[Start of section]

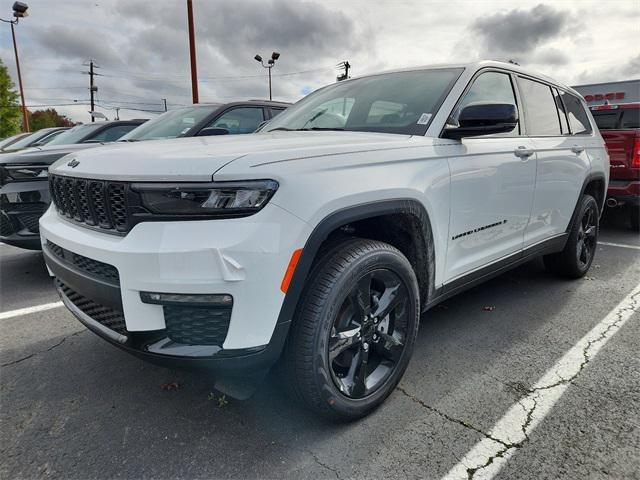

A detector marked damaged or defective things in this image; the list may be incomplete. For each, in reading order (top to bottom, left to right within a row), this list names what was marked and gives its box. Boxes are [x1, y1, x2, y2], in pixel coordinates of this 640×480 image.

cracked pavement [1, 215, 640, 480]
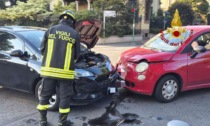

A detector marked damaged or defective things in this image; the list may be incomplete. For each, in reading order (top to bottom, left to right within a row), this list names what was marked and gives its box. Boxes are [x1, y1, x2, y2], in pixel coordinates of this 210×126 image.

crumpled hood [120, 46, 175, 62]
damaged front bumper [70, 71, 120, 105]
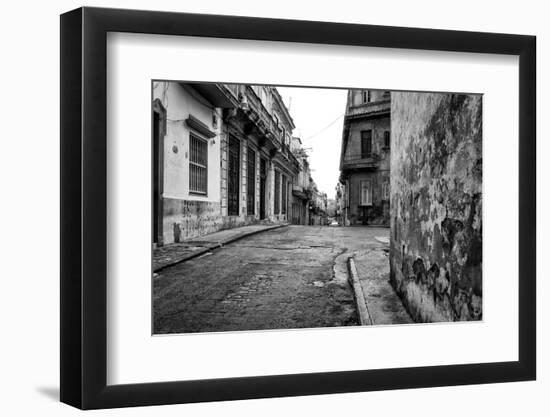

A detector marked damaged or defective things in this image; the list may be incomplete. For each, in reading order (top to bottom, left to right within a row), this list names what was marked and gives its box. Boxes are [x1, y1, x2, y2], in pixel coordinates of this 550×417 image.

rusty metal window bar [189, 133, 208, 195]
peeling plaster wall [392, 92, 484, 322]
cracked asphalt road [153, 223, 408, 334]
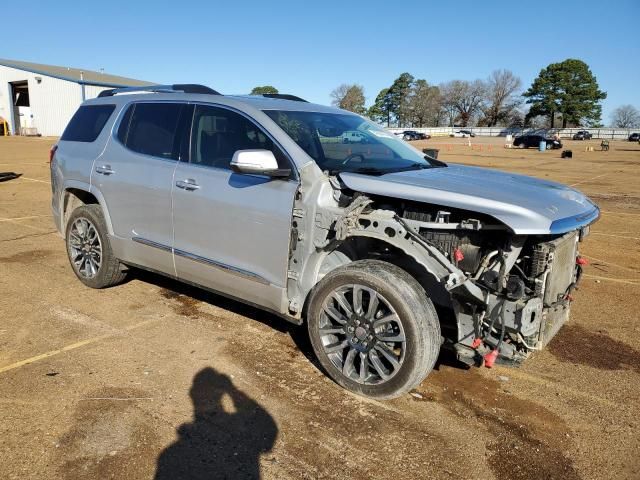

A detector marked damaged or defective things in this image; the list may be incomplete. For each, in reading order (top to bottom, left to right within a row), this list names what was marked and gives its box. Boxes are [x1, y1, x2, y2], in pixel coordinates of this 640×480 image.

severe front damage [288, 162, 596, 368]
crumpled hood [340, 163, 600, 234]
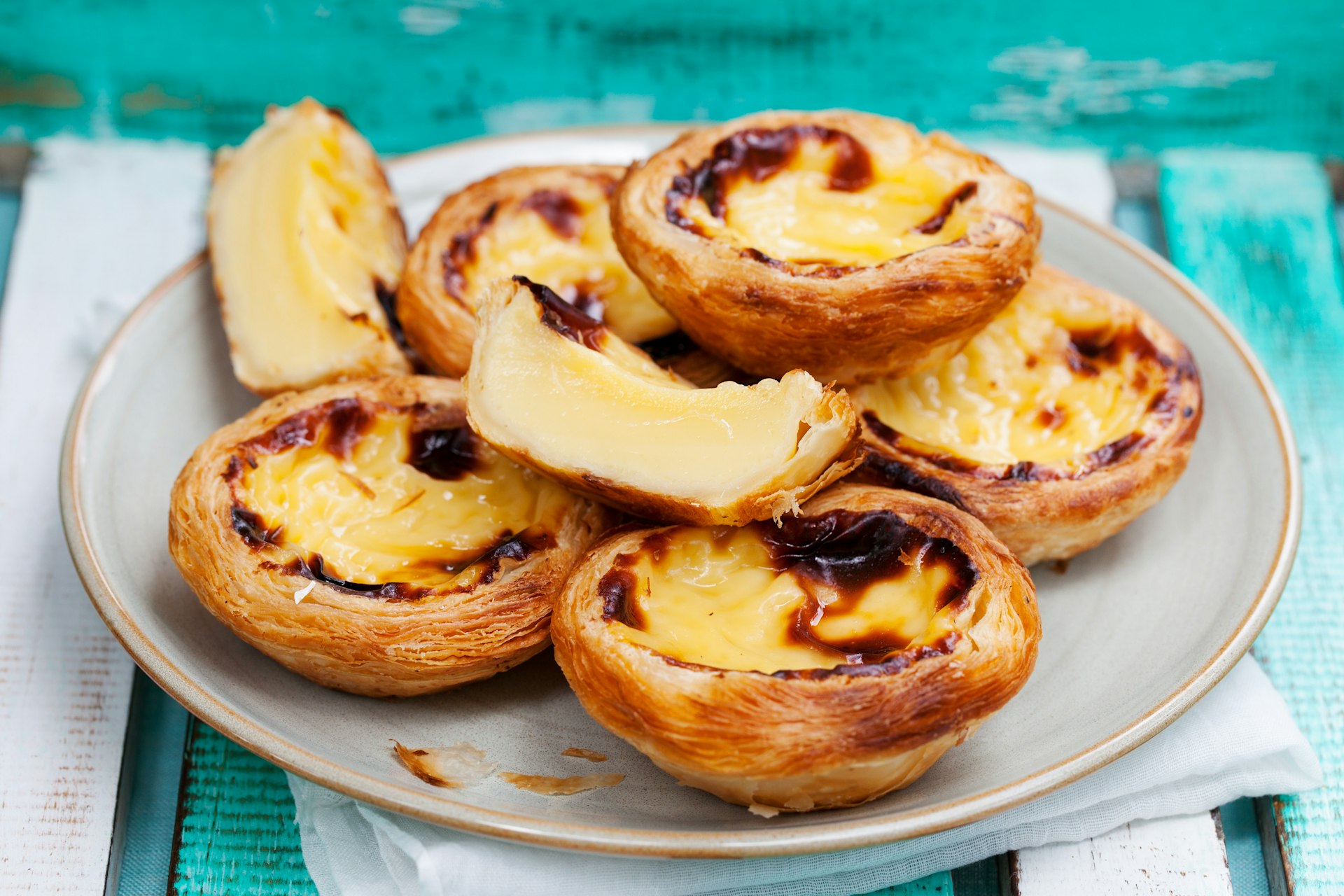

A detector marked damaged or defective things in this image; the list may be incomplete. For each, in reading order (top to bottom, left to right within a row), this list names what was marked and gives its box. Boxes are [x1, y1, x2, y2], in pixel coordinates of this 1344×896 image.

chipped paint on wood [1156, 152, 1344, 896]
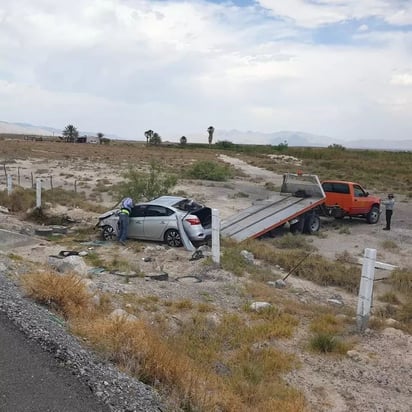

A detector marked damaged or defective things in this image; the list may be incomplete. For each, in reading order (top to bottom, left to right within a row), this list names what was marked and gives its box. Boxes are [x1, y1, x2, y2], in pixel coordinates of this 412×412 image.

crashed white car [96, 196, 212, 246]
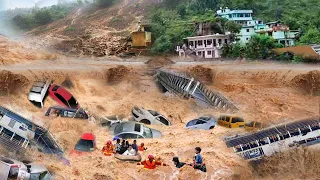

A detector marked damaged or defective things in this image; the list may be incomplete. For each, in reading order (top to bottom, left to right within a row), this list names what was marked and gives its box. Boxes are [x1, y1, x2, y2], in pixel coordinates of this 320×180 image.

overturned truck [155, 69, 238, 112]
overturned truck [0, 107, 63, 155]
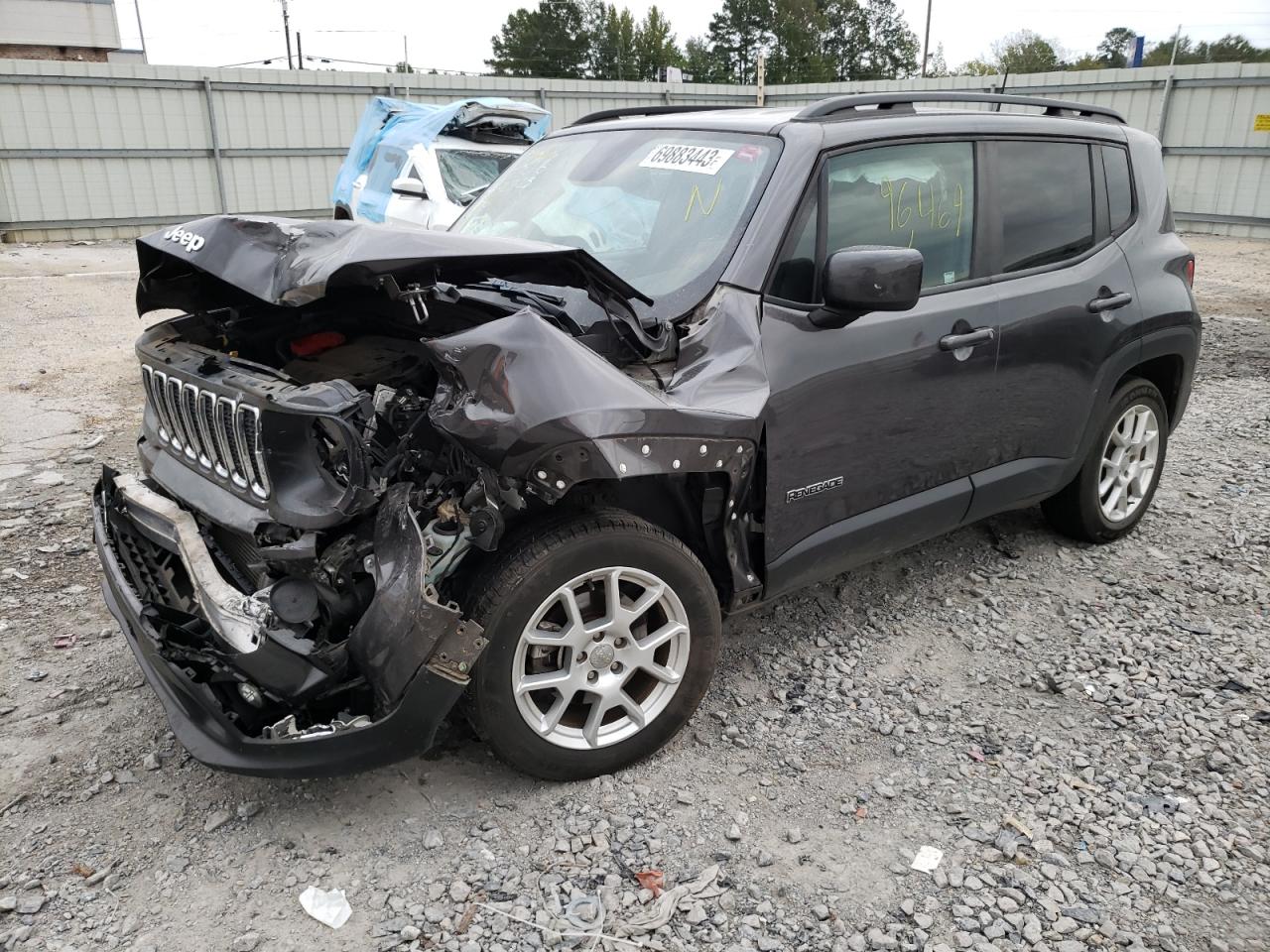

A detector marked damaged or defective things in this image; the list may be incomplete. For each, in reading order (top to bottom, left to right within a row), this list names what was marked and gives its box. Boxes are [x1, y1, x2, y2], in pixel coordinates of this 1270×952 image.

crumpled hood [136, 215, 655, 313]
damaged gray jeep renegade [93, 95, 1194, 781]
damaged front bumper [92, 469, 484, 776]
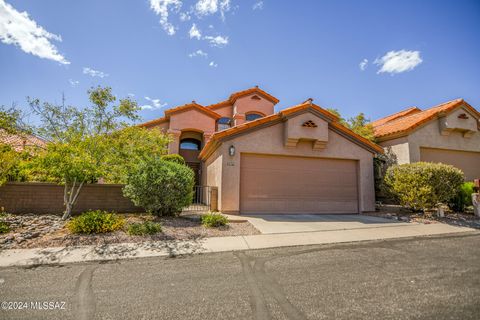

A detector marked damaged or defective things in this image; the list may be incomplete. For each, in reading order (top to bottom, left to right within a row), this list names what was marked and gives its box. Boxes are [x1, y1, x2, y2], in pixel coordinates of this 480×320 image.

pavement crack [74, 264, 97, 320]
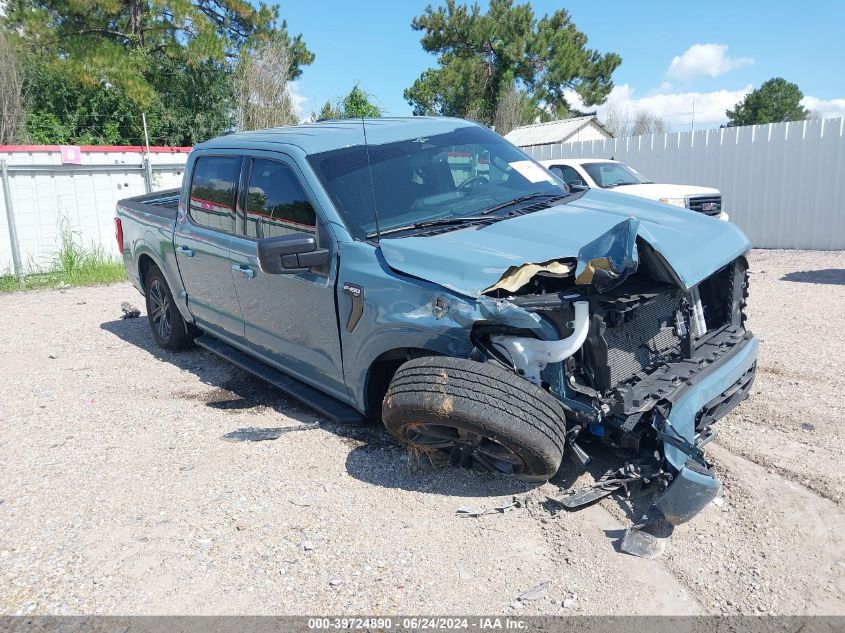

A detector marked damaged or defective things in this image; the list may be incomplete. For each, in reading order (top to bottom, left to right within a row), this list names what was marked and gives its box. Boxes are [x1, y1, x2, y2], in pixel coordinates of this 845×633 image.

crashed ford f-150 [115, 117, 756, 540]
damaged hood [380, 188, 748, 296]
shattered bumper [652, 330, 760, 524]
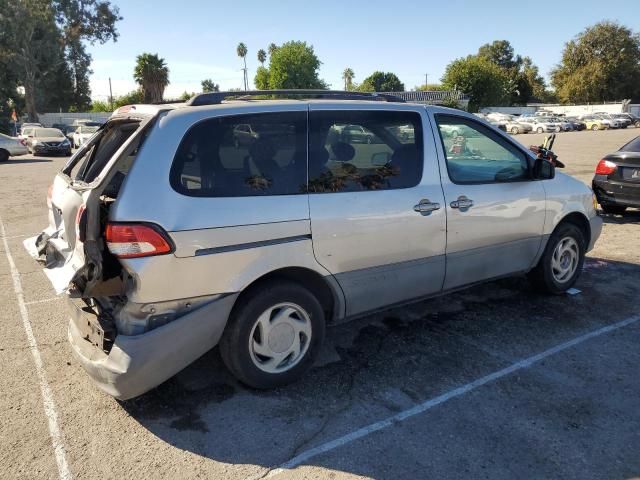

[End of section]

◆ **What to work on**
Your answer must be the lines from the one containing "this 480×320 image." through the last line of the listing above, restated word for word, with no pictures.

◆ **Exercise response**
A detector marked damaged or defective things in this image; the list may be incomplete. For each, in reading order (top to bottom, left to right within a row), this list names what was marked and gives its box. Boxes are [x1, y1, x2, y2], in pixel coordinates of this 480×320 image.

pavement crack [74, 264, 97, 320]

A detector marked damaged or defective things in this image; the list may be incomplete. For each, in reading order (top to bottom, left to right within a row), this list names what was marked and gives its box. Boxes are [x1, y1, x2, y2], in pixel coordinates of this 845×633 image.

crashed ford f-150 [115, 117, 756, 540]
damaged hood [380, 188, 748, 296]
shattered bumper [652, 330, 760, 524]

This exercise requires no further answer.